How Amazon Route 53 Application Recovery Controller works - Amazon Route 53 Application Recovery Controller
Services or capabilities described in Amazon Web Services documentation might vary by Region. To see the differences applicable to the China Regions, see Getting Started with Amazon Web Services in China (PDF).

How Amazon Route 53 Application Recovery Controller works

Amazon Route 53 Application Recovery Controller helps you to prepare for and quickly mitigate impairments for applications on Amazon.

  • A readiness check continually audits Amazon resource capacity, configuration, Amazon quotas, and routing policies, for an application and provides information that you can use to help successfully recover from application failure. Readiness checks help to ensure that your recovery environment is scaled and configured to fail over to when needed.

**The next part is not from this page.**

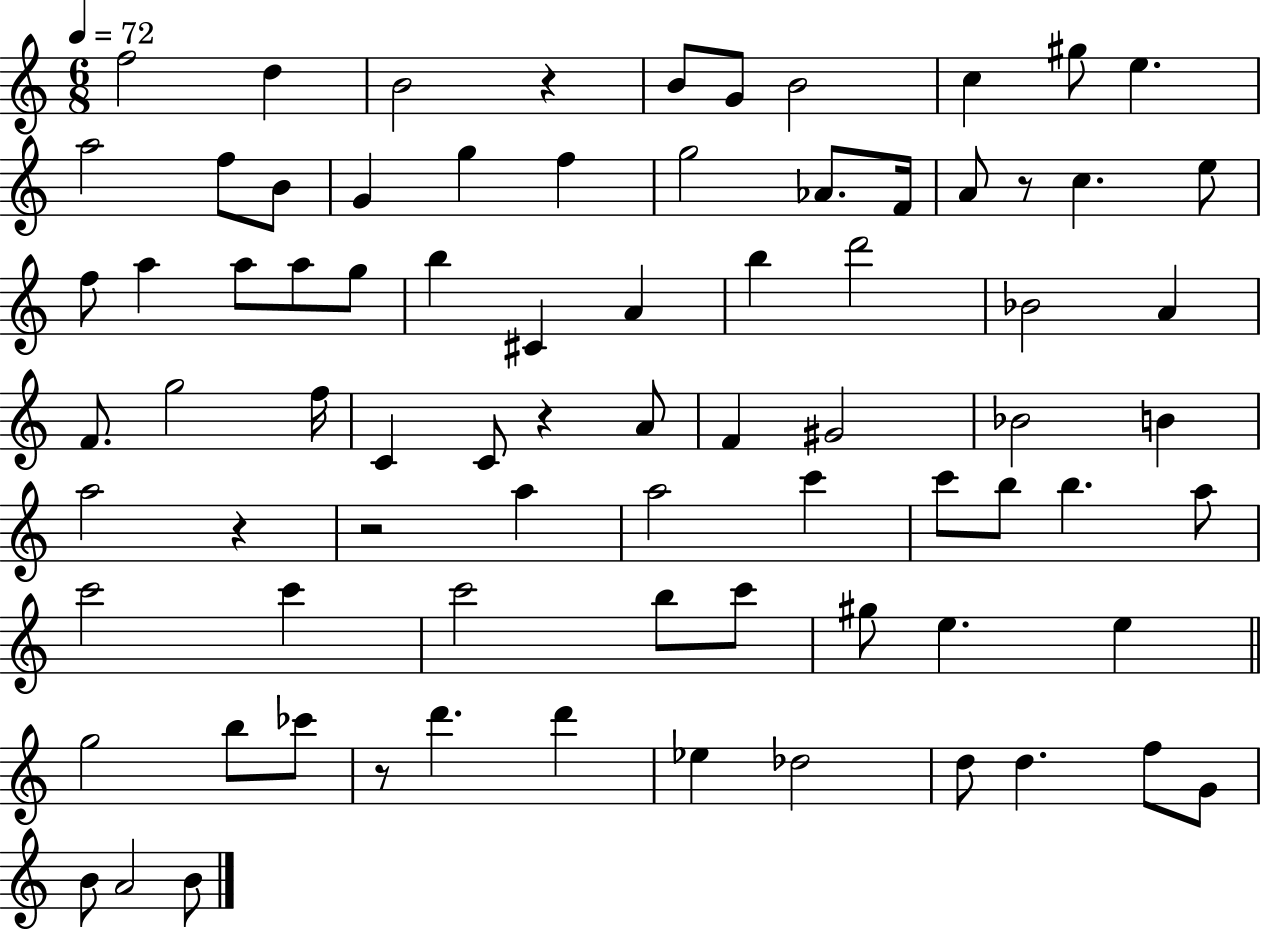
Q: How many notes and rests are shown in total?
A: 79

  • Routing controls enable you to rebalance traffic across application replicas during failures, to ensure that your application is available. You can also pair routing controls with safety rules that you create to help avoid unintended consequences. For example, you might want to prevent inadvertently turning off all the routing controls for an application, which would stop all traffic flow, resulting in a fail-open scenario.

  • A zonal shift temporarily moves traffic for a resource away from an Availability Zone (AZ), to enable you to quickly and reliably recover from issues for multi-AZ applications. Currently supported resources are Network Load Balancers and Application Load Balancers with cross-zone load balancing turned off.

Learn more about how Route 53 ARC works in the following sections.

Monitoring your application replica with readiness checks

Route 53 ARC audits your application replicas by using readiness checks to ensure that each one has the same configuration setup and the same runtime state.

To be prepared for recovery, for example, you must maintain sufficient spare capacity at all times to absorb failover traffic from another Availability Zone or Region. Route 53 ARC continually (once a minute) inspects your application to ensure that your provisioned capacity matches across all Availability Zones or Regions. The capacity that Route 53 ARC inspects includes, for example, Amazon EC2 instance counts, Aurora read and write capacity units, and Amazon EBS volume size. If you scale up the capacity in your primary replica for resource values but forget to also increase the corresponding values in your standby replica, Route 53 ARC detects the mismatch so that you can increase the values in the standby.

Important

Readiness checks are most useful for verifying, on an ongoing basis, that application replica configurations and runtime states are aligned. Readiness checks shouldn't be used to indicate whether your production replica is healthy, nor should you rely on readiness checks as a primary trigger for failover during a disaster event.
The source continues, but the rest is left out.